NATO's summit in Strasbourg and Kehl has launched a review of the Strategic Concept - the Alliance's guiding political document. NATO's Secretary General is to convene a 'broad-based group of qualified experts' to lay the groundwork. The Secretary-General is expected to prepare a new Strategic Concept in time for NATO's next summit expected in late 2010 or early 2011.

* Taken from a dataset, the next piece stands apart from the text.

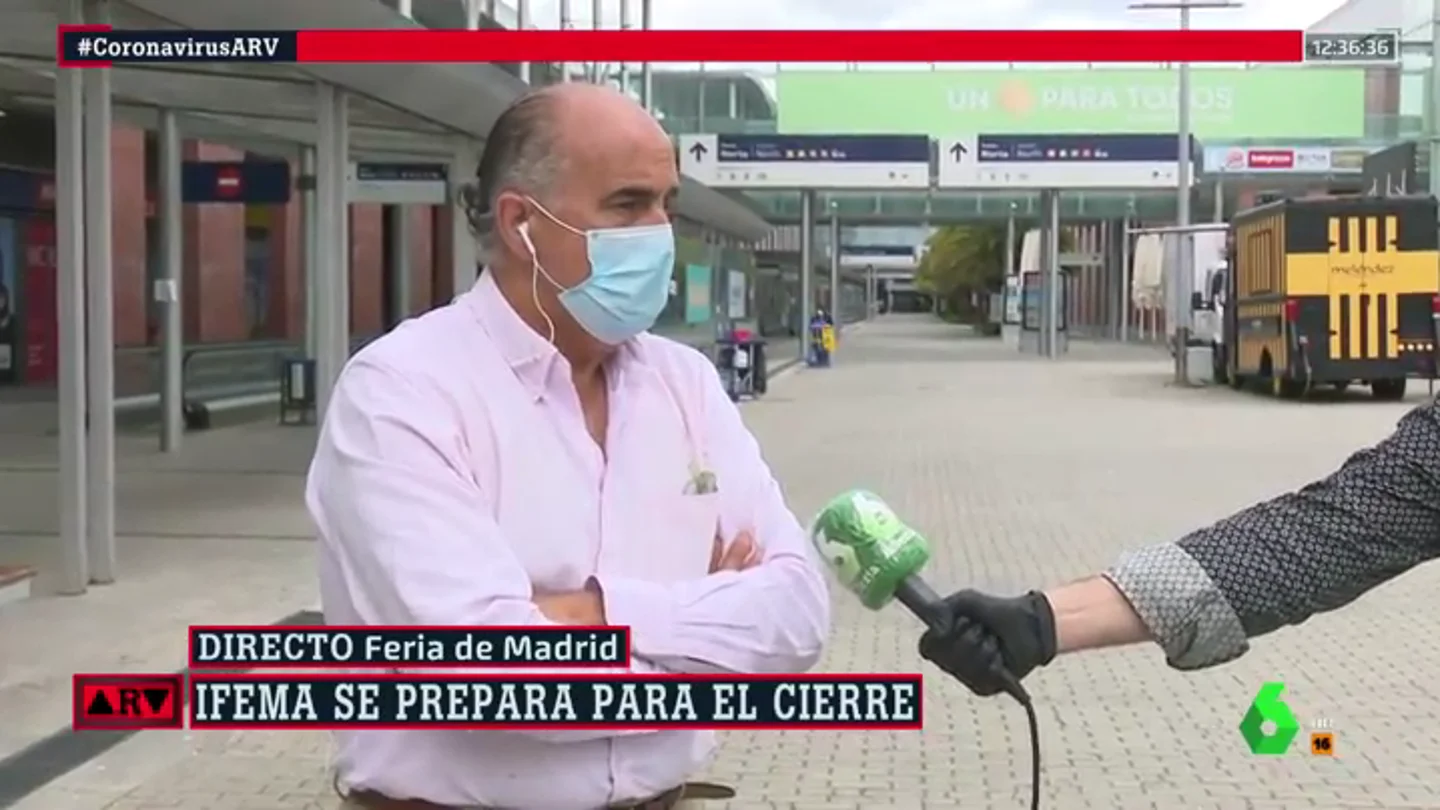 El hospital de campaña de Ifema prepara su cierre: "Si hace falta, en 24 horas estamos trabajando" El hospital de campaña de Ifema prepara su cierre: "Si hace falta, en 24 horas estamos trabajando"
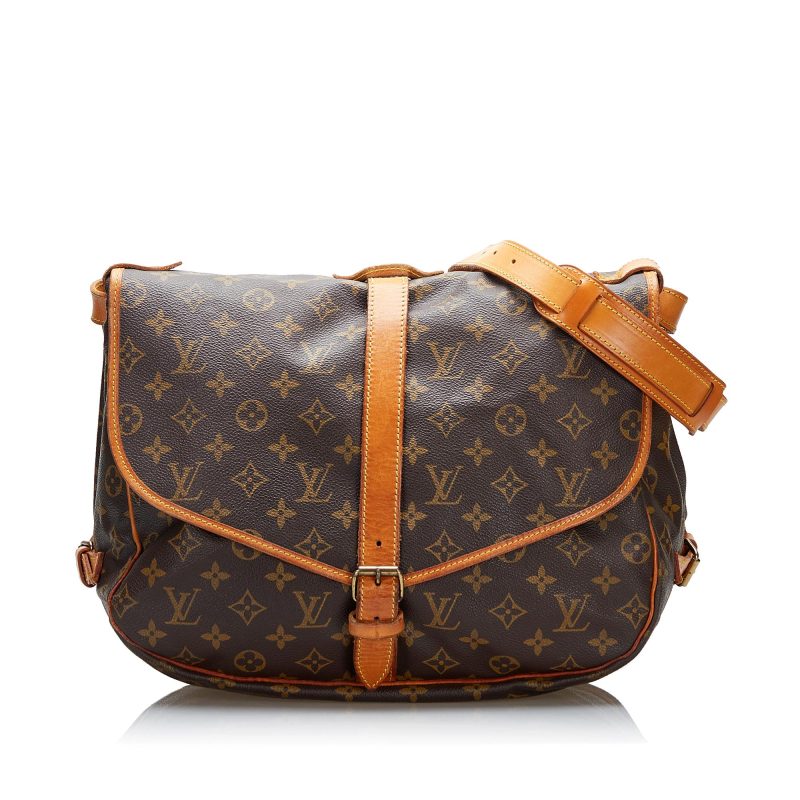 Louis Vuitton Monogram Saumur 30 (SHG-37546) - Barde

NATO's current Strategic Concept was agreed in 1999 in the dying days of the Clinton administration and reiterated Cold War language commiting NATO to nuclear weapons as the "supreme guarantee" of Alliance security - language that has subsequently been used by proliferators in support of their nuclear programmes. The Strategic Concept maintained that allied security continued to "require widespread participation by European Allies involved in collective defence planning in nuclear roles, in peacetime basing of nuclear forces on their territory and in command, control and consultation arrangements." "Nuclear forces based in Europe and committed to NATO provide an essential political and military link between the European and the North American members of the Alliance," it continues - language that is looking increasingly dated as the allies struggle to find a common commitment to deploying troops in Afghanistan.

Whilst some within the Alliance no doubt hope that the nuclear paragraphs of the Strategic Concept will remain intact, a renewal of existing nuclear policy and doctrine would have a damaging effect on nuclear non-proliferation and appear increasingly unlikely in view of President Obama's speech in Prague committing the US to lead efforts for a nuclear weapon-free world.

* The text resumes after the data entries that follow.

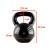 Gantera kettlebell HMS KNV 16 KG, Negru FitLine Training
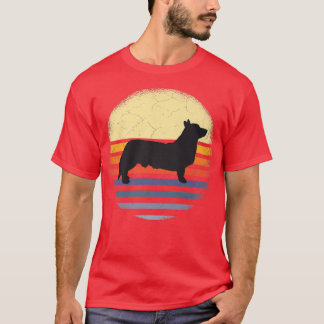 T-shirt Chien de Corgi gallois Retro1579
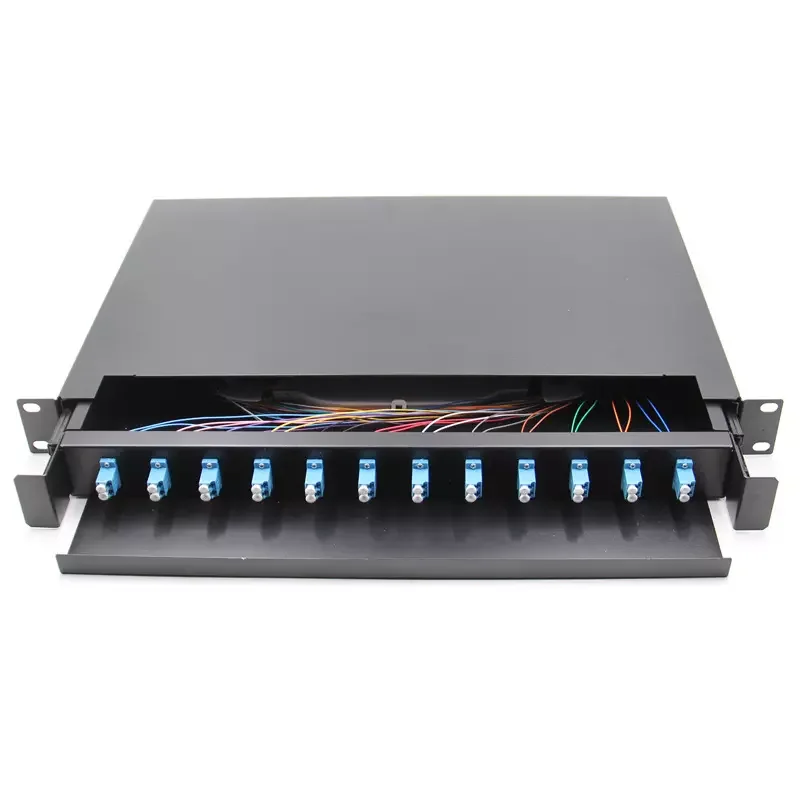 FTTH 1U 12 Core SC/FC/ST/LC Rack Mount Splicing Fiber Optic Patch Panel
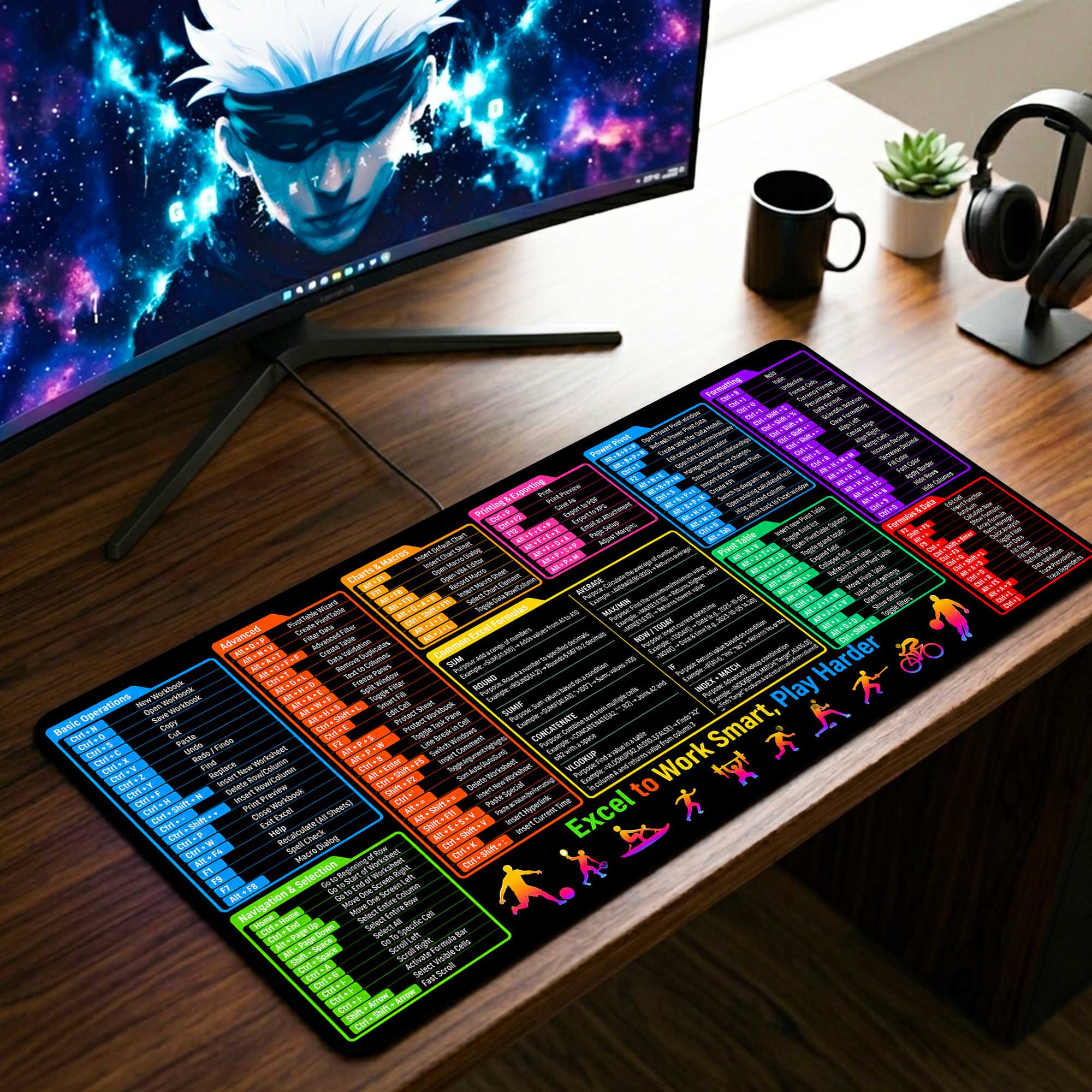 Excel PowerPlay Desk Mat Secondary image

The NATO Summit in Strasbourg and Kehl was convened to celebrate the 60th anniversary of the Alliance. Conceived in the dying days of the Bush administration, with tensions rising in Europe and NATO in some disarray, it became the Barack Obama Summit - and the new President stamped his authority on the Alliance and began reshaping it for the 21st century.

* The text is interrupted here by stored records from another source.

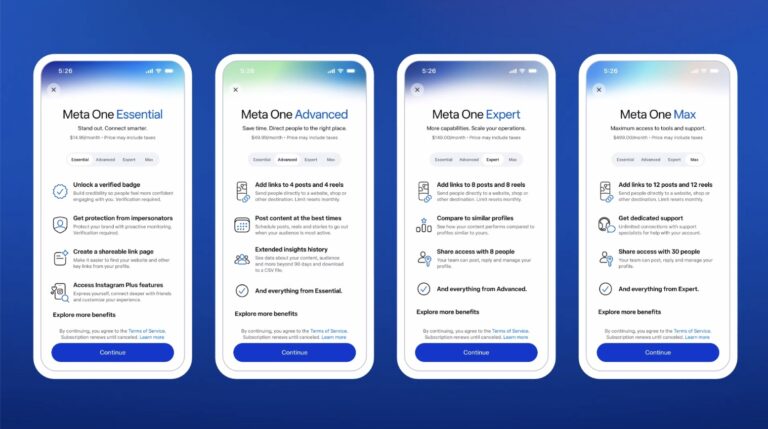 Meta One for Creator and Business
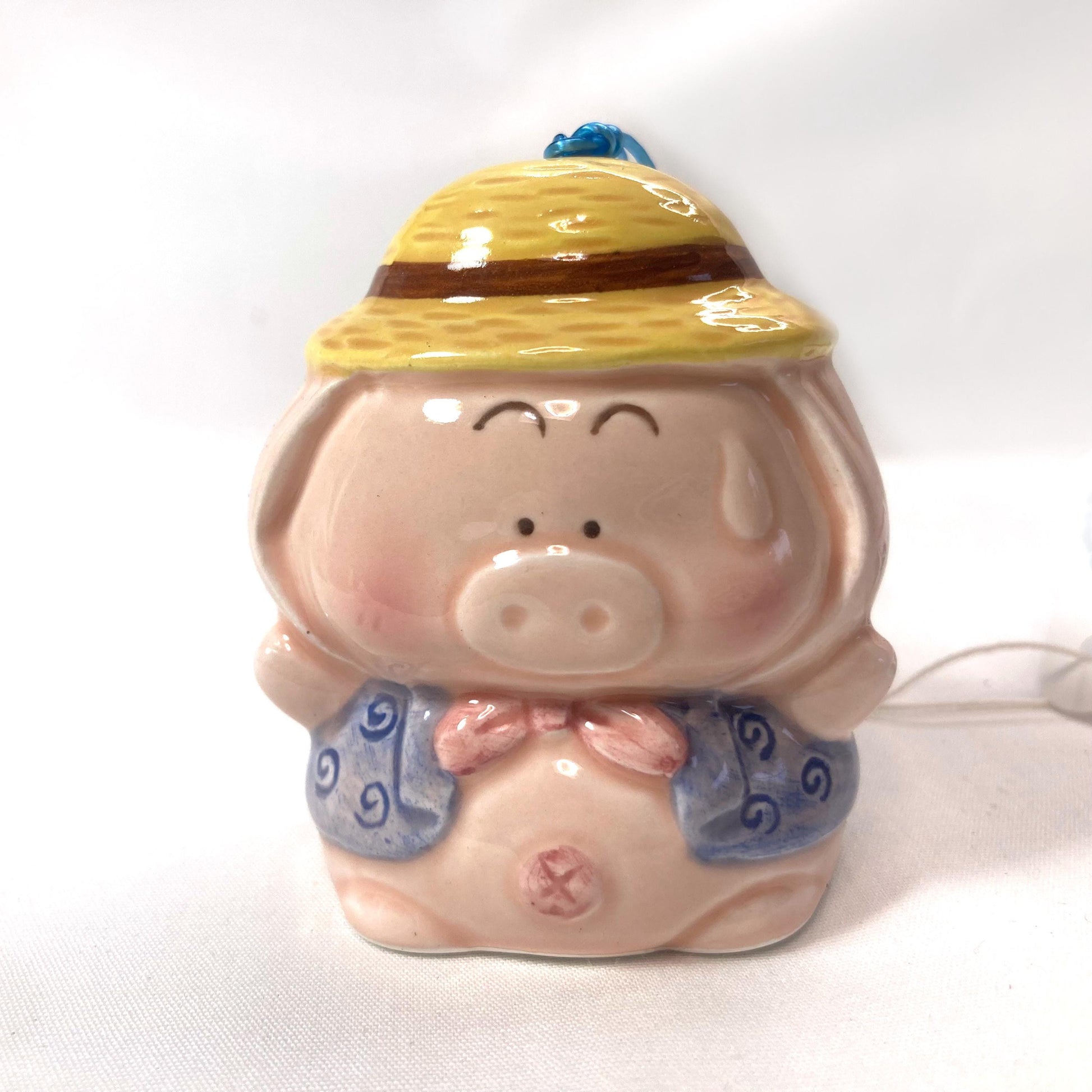 Cute Japanese wind chime fuurin - piggy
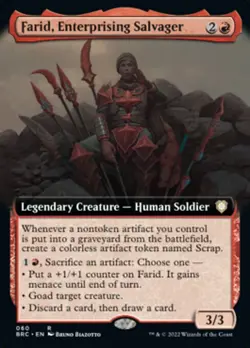 MTG FARID, ENTERPRISING SALVAGER 60 EXC - RECUPERATORE INTRAPRENDENTE BRC EN - Image 1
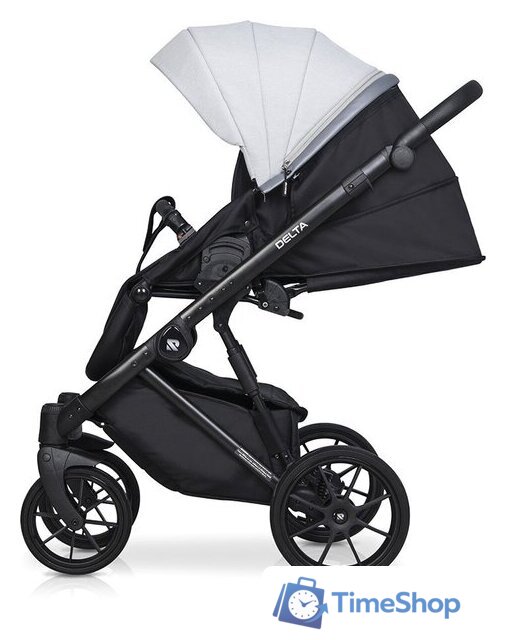 Универсальная коляска Riko Basic Delta (3 в 1, 01/grey fox) - Изображение №14 — Интернет-магазин Time-Shop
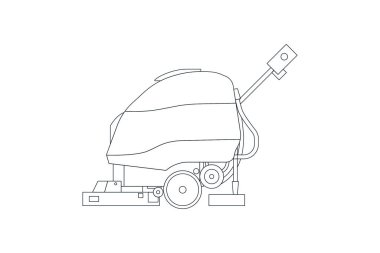 Temizlik ekipmanları hizada. Modern Düz Stil Vektör Çizimi. Temizlik aletleri. Sosyal Ortam Şablonu.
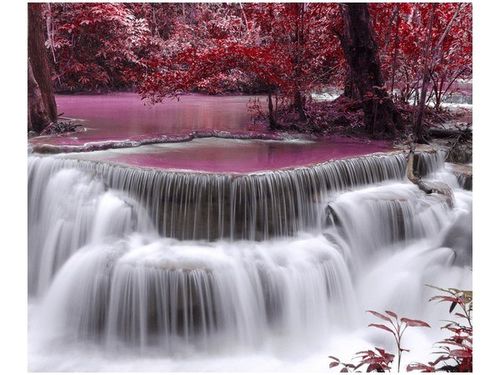 60X50CM WODOSPAD DONG PEE SUA OBRAZ ŚCIAN DREWNIANE na Arena.pl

When President Obama took power the European security situation was serious. With NATO enlargement and the proposed deployment of missile defences, the Bush administration had antagonized a resurgent nationalist Russia. Then, following Russia's summer war with Georgia (provoked by Georgian recklessness at least in part derived from a belief that America would support Georgia no matter what, a belief Bush's administration had encouraged) NATO cut off contact with Russia.

NATO was floundering in Afghanistan, with many allies doubting the mission could succeed at all. In some ways, with countries like Germany refusing to commit troops without caveats, and others refusing to deploy forces at all, this was a self-fulfilling prophecy. President Bush, a wildly unpopular lame duck was unable to do anything to get things back on track - not least because his administration had devalued NATO, preferring to do business through coalitions of the willing (as in Iraq). Coalitions that would take an American lead without demanding too much of a say in how things were run.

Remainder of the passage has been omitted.